Doug Nussmeier, Alabama's quarterbacks coach and offensive coordinator, appreciates Blake Sims for his practice performances that have earned Sims the job as back-up quarterback to AJ McCarron. Nussmeier also recognizes the additional role that Sims has played as the Crimson Tide's scout team quarterback when preparing for spread offense opponents.

Once upon a time the down-the-line players – walk-ons, freshmen, redshirts – were considered cannon fodder. Tackling dummies. But those players have a key role in football success at Alabama as members of the scout team. Those players learn new schemes each week – the offensive and defensive looks that week's opponent will present to Bama on Saturdays.

Al;abama Coach Nick Saban said he could make the case that "the last 40 guys on the team are the most important guys on the team."

Saban's point is that the men who make up the scout team – sometimes called the "look team" because they provide the look of the opponent – are the ones who will help the team prepare for games. And they toil in relative anonymity, their job unnoticed by outsiders. Saban said, "Nobody ever gets any credit, nobody really talks about them, they don't even get to dress sometimes for the game because of the numbers limitations we have.

"These guys are going to be some of the most important on the team because they are going to help prepare the team so that they get the right look, so that they can be well prepared to play and react quickly and fast in the game."

The scout team goes to work today as Alabama completed fall camp Thursday and goes into game preparation for Virginia Tech.

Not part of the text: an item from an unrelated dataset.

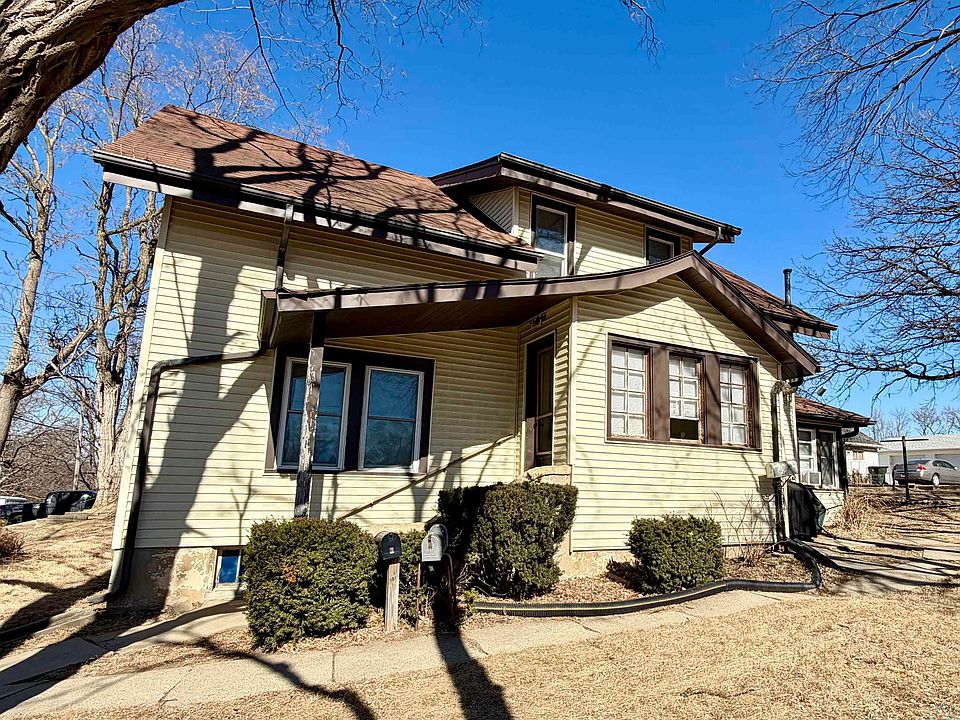 1st image of 518 S Helen St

The Tide will meet the Hokies in eight days, Aug. 31 at the Georgia Dome in Atlanta.

And just as the first team players, Saban expects each of those on the scout team to meet the challenge of performing his role to the best of his ability. As the coach pointed out, the strength of the team is based on every player doing his job. "Everybody seems to be doing a pretty good job," Saban said, "but we need everybody to do a good job. We can't have 60 per cent, 70 per cent. We need everybody to do a good job regardless of his role."

Alabama third-year sophomore Ryan Kelly worked his way up from scout team to back-up center behind Rimington Award winner Barrett Jones to projected starter this year. He remembers his first week.

Well, sort of.

"I got hit by Dont'a Hightower and that gave me a concussion, so I was out the first week," he said.

But he thinks being on the scout team helped him become aware of "what I was in store for" playing major college football. He was going up againsst the likes of defensive linemen Josh Chapman, Jesse Williams, and Nick Gentry on the line "and all the linebackers. It gave me a good feel for the speed and tempo of what college football would be like."

Cornerback Deion Belue came to Bama from junior college and was an immediate starter, never spending time on the scout team. But, he said, "You have to have the utmost respect for those guys because they come out and practice as hard as we do. We rely on them to give us the best look possible. I respect them. I know it's tough for them."

Belue said that among those who are "giving great looks and going hard for us" are true freshman wide receivers Ardarius Stewart and Robert Foster, who he said will be great players.

(Incidentally, each Monday after Alabama football games, the coaching staff announces the players of the week on offense, defense, and special teams. Sportswriters covering Bama have made a request that the staff also choose and announce a scout team player [or players] of the week.)